Luke Mason and Ishan Deshpande's EE319H Final Project: Plants vs Zombies
This is a close representation of the real PvZ mobile/console game.
A mob of fun-loving zombies is about to invade your home, and your only defense is an arsenal of 8 zombie-zapping plants. Use peashooters, wall-nuts, cherry bombs and more to mulchify 8 different types of zombies before they can reach your front door.
The TM4C has 256kB of flash memory (read only for our purposes), and 32kB of SRAM. Additionally, the display, the ST7735R TFT LCD display, was 160x128p, and could support a microSD card of 4GB formatted in FAT16.
The sprites and sound effects took up almost all 256kB flash, and the in game objects took up almost all of our 32kB SRAM. In total, there were almost 100 sprites, and 7 sound effects. Each plant and zombie had animations with up to 7 sprites. For sound, we used an 8-bit DAC, and the MC34119P amplifier chip, which was paired with a 1MOhm feedback potentiometer, and a high pass filter for sound smoothing.
We implemented the eight starter plants in the game: Sunflower, Peashooter, Potato Mine, Snow Pea, Repeater, Cherry Bomb, Chomper, and Wall-nut. We also implemented eight zombies: regular zombie, conehead, buckethead, polevault, newspaper, jack-in-the-box, football, and flag zombie.
Some of the biggest challenges we ran into involved unrendering the sprites so as to not cause sprite clipping or leftover sprite data upon death. We also had to rewrite the drivers for displaying sprites to be oriented in landscape form.
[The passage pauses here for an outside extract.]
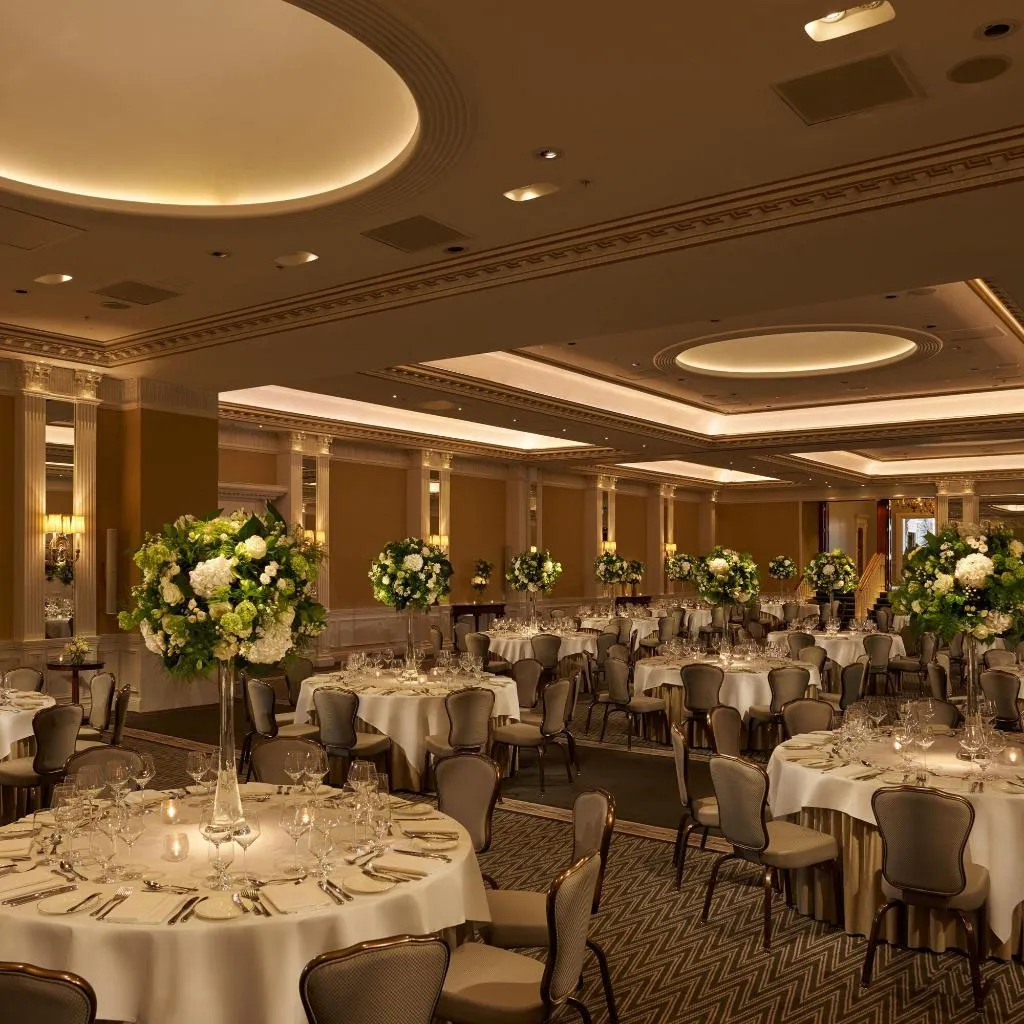 Conferences, The Shelbourne, Autograph Collection, Dublin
You can watch our video showcase for our class design competition here: https://www.youtube.com/watch?v=L5PAtDdpwP4 Our game ran rather well with high sprite counts. This can be seen in this additional video, for anyone interested: https://youtu.be/gowIHrNNptc
Scrapped Features:
- We were intending to implement a VS mode, which was scrapped due to lack of time.
- We were intending to have music play during the game. However, after extensive debugging of the provided sound drivers, as well as an attempted switch to DMA, we decided that it was not worth our time to combine the display with reading music off of the microSD (Long WAV files are too big to contain in our flash memory, so you have to read it from the display microSD, which detracts from our ability to write SPI to the display's screen)
- We were also intending to seat our diplay and controls on a PCB. Unfortunately, those were lost in delivery, so we threw together a cardboard game controller.